# Max. Spannung für Corsair Vengeance LED 3200Mhz ?



## Plata_o_Plomo (31. Oktober 2017)

*Max. Spannung für Corsair Vengeance LED 3200Mhz ?*

Hallo,
wollte mal nachfragen was die höchste und vernünftigste Spannung für DDR4 RAM ist.

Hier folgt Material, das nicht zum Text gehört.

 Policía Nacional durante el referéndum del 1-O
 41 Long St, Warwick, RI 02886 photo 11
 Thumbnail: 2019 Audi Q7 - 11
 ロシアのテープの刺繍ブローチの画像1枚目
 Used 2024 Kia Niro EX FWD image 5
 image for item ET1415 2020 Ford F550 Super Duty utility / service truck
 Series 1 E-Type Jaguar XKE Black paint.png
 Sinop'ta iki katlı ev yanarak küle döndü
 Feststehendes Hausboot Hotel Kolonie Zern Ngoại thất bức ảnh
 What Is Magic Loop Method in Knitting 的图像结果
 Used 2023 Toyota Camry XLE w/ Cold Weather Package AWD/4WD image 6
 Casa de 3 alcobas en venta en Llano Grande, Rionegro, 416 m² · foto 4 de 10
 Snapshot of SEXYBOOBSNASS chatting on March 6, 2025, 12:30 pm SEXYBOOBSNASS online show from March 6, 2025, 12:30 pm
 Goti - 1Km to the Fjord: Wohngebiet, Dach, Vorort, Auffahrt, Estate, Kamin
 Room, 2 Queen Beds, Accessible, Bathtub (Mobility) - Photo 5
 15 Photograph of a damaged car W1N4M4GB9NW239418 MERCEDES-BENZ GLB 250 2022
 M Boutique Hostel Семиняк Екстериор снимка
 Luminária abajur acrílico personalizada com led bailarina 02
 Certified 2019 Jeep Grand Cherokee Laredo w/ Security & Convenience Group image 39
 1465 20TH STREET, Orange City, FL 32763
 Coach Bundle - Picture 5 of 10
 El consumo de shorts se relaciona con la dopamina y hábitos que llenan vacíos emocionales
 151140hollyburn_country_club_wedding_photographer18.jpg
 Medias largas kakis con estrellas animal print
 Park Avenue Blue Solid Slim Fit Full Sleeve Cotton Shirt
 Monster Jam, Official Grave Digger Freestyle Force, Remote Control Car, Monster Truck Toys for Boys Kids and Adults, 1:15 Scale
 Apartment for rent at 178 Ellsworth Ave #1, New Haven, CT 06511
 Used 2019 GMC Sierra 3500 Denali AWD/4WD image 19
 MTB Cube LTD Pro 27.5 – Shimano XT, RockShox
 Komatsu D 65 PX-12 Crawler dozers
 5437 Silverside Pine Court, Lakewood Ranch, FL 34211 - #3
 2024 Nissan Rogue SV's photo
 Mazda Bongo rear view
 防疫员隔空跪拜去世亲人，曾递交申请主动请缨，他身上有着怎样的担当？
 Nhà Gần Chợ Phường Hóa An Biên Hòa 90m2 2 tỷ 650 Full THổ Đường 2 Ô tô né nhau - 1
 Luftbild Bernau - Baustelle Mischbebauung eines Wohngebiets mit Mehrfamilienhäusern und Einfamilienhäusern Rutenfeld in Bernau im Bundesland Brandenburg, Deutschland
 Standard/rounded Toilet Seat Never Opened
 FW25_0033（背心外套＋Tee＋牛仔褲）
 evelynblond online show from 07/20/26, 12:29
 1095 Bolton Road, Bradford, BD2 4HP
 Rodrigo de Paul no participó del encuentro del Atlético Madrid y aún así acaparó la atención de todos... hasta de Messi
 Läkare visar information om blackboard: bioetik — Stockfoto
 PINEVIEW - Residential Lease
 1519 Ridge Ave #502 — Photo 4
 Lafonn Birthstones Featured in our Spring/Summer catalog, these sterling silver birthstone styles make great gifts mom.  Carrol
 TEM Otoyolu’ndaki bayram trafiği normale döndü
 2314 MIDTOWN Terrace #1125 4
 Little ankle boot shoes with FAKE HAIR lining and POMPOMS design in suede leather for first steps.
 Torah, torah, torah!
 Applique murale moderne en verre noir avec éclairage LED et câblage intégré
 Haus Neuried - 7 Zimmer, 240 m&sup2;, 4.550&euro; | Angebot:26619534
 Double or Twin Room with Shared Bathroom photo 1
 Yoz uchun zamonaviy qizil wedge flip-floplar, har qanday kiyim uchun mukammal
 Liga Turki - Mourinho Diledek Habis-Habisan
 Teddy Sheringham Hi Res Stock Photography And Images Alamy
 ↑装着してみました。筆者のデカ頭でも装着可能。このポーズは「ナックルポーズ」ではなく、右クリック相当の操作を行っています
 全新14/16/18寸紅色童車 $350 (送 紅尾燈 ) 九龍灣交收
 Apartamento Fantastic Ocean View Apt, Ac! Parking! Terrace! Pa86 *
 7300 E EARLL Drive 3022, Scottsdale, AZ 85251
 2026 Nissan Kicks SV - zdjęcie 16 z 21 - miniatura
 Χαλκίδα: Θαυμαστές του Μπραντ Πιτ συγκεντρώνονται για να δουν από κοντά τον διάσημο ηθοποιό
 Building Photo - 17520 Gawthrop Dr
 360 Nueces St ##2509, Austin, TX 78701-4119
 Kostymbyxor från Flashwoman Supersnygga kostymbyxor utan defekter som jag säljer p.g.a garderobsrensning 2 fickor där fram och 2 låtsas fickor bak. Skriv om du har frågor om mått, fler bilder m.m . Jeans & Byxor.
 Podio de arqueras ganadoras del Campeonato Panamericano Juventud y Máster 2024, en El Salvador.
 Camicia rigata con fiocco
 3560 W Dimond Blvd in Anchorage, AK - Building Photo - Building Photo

Im Internet finde ich nur sehr gemischte Aussagen.
Mein RAM ist das Corsair Vengeance LED 2x 8GB Kit mit 3200Mhz.
Board ist das AsRock z270 Extreme4 und CPU ist der 7700k.

Wollte den RAM etwas übertakten, komme aber nicht höher als 3333Mhz bei 1.38V mit 15-17-17-32.
Bei einer höheren Taktrate bootet der PC erst gar nicht, auch nicht bei 1.4v.
Oder limitiert hier die CPU bei einer höheren Taktrate?

Meine Frage auf die Spannung bezieht sich auf dem 24/7 Betrieb.

Danke und liebe Grüße


----------



## Incredible Alk (31. Oktober 2017)

*AW: Max. Spannung für Corsair Vengeance LED 3200Mhz ?*



Plata_o_Plomo schrieb:


> Im Internet finde ich nur sehr gemischte Aussagen.



Das liegt daran, dass es keine "höchste" Spannung gibt.

DDR4 hat laut JEDEC-Norm 1,2v Betriebsspannung.
Manche hersteller von OC-RAM geben höhere Spannungen an damit die Riegel den Takt schaffen, zumeist 1,35v, manche sogar noch darüber.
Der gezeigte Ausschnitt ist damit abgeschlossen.